(EXERCISE INPUT)

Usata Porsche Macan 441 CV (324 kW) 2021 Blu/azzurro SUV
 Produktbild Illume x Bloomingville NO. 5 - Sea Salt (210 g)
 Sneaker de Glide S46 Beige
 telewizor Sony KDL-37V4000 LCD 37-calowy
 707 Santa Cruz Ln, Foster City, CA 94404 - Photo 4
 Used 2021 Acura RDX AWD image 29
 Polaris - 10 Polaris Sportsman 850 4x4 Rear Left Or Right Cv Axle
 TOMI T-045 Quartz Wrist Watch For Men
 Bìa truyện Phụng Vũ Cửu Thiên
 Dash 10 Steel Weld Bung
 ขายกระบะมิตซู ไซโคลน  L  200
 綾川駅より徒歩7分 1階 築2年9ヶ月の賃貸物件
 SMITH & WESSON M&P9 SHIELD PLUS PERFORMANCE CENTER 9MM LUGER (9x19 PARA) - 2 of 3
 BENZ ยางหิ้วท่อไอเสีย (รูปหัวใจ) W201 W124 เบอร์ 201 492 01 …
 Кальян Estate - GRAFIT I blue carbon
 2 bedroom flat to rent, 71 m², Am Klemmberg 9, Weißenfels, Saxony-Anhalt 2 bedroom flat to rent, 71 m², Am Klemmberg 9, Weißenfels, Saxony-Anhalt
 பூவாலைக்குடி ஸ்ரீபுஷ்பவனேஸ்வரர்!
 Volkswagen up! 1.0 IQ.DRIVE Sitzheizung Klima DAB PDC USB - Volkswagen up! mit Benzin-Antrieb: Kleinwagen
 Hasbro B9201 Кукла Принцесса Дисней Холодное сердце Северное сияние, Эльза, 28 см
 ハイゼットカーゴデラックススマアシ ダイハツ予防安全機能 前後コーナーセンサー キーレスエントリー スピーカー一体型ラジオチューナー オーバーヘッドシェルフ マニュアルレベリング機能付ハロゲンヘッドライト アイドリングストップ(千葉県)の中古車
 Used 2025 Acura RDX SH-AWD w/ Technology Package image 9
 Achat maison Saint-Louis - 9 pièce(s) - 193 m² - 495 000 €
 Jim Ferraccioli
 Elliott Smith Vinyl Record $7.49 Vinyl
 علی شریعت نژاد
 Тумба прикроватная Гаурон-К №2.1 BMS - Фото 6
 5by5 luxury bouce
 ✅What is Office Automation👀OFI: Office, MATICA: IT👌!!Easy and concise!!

(End EXERCISE INPUT)

## WHAT THIS TASK INVOLVES:
Transcribe all entries exactly as they are given.

## OUTPUT FOR THIS EXERCISE:
Usata Porsche Macan 441 CV (324 kW) 2021 Blu/azzurro SUV
 Produktbild Illume x Bloomingville NO. 5 - Sea Salt (210 g)
 Sneaker de Glide S46 Beige
 telewizor Sony KDL-37V4000 LCD 37-calowy
 707 Santa Cruz Ln, Foster City, CA 94404 - Photo 4
 Used 2021 Acura RDX AWD image 29
 Polaris - 10 Polaris Sportsman 850 4x4 Rear Left Or Right Cv Axle
 TOMI T-045 Quartz Wrist Watch For Men
 Bìa truyện Phụng Vũ Cửu Thiên
 Dash 10 Steel Weld Bung
 ขายกระบะมิตซู ไซโคลน  L  200
 綾川駅より徒歩7分 1階 築2年9ヶ月の賃貸物件
 SMITH & WESSON M&P9 SHIELD PLUS PERFORMANCE CENTER 9MM LUGER (9x19 PARA) - 2 of 3
 BENZ ยางหิ้วท่อไอเสีย (รูปหัวใจ) W201 W124 เบอร์ 201 492 01 …
 Кальян Estate - GRAFIT I blue carbon
 2 bedroom flat to rent, 71 m², Am Klemmberg 9, Weißenfels, Saxony-Anhalt 2 bedroom flat to rent, 71 m², Am Klemmberg 9, Weißenfels, Saxony-Anhalt
 பூவாலைக்குடி ஸ்ரீபுஷ்பவனேஸ்வரர்!
 Volkswagen up! 1.0 IQ.DRIVE Sitzheizung Klima DAB PDC USB - Volkswagen up! mit Benzin-Antrieb: Kleinwagen
 Hasbro B9201 Кукла Принцесса Дисней Холодное сердце Северное сияние, Эльза, 28 см
 ハイゼットカーゴデラックススマアシ ダイハツ予防安全機能 前後コーナーセンサー キーレスエントリー スピーカー一体型ラジオチューナー オーバーヘッドシェルフ マニュアルレベリング機能付ハロゲンヘッドライト アイドリングストップ(千葉県)の中古車
 Used 2025 Acura RDX SH-AWD w/ Technology Package image 9
 Achat maison Saint-Louis - 9 pièce(s) - 193 m² - 495 000 €
 Jim Ferraccioli
 Elliott Smith Vinyl Record $7.49 Vinyl
 علی شریعت نژاد
 Тумба прикроватная Гаурон-К №2.1 BMS - Фото 6
 5by5 luxury bouce
 ✅What is Office Automation👀OFI: Office, MATICA: IT👌!!Easy and concise!!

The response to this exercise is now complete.